I was catching up on some reading on food trends over Christmas.  One of the ones I decided was worth noting was that it was going to be a year of exciting pastry.  Well who am I to disagree? Especially as some of the other proposed “trends” were dubious to say the least- microwaves/ seaweed. Ahem.

I love pastry.  Tarts.  Mille Feuille. Eclairs.  You name it, I’ll eat it.

One of my very favourites is profiteroles.  But not filled with ice cream as they do in France.  Freshly whipped cream all the way.

So I decided to try my hand at a Chocolate Version.  Much to the delight of all who would ultimately be involved!

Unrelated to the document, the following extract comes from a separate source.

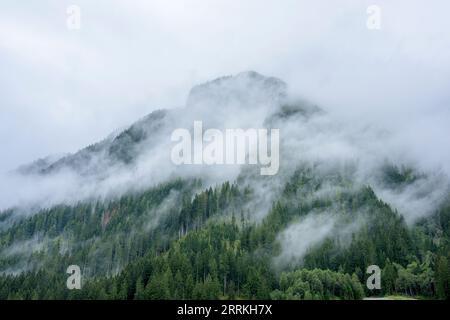 Autriche, Tyrol, Zillertal, forêt nuageuse de conifères dans la vallée de Hintertux. Banque D'Images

Profiteroles/ choux pastry balls are made using a different method to that of shortcrust or puff.  The ingredients are first heated on the hob, giving rise to one of the original French names- pâte à chaud.  The first mention of anything close to what we imagine today was in the 16th Century. An Italian chef named Popelini, who worked for Catherine de Medici, wife of the French king Henri II, was the first to think of putting a filling inside cream puffs.  Since then the idea has evolved with both savoury and sweet versions.

Tues 06 Jan 034
Dark, dark, choux pastry dough

I put a lot of cocoa powder in to give it the dark colour I wanted, this meant the pastry balls themselves were not very sweet.  But the filling more than made up for the dark intensity of the pastry.  I then whipped some cream with some caramel sauce (shop bought due to time constraints), and a small sprinkle of maldron sea salt.  The choux buns were filled with this delectable cream. I served the chocolate sauce on the side.  As the sauce was piping hot, I didn’t want the buns to go soggy, or the cream to melt.  Breaking my hard and fast rule of not enjoying hot and cold together in the same dessert.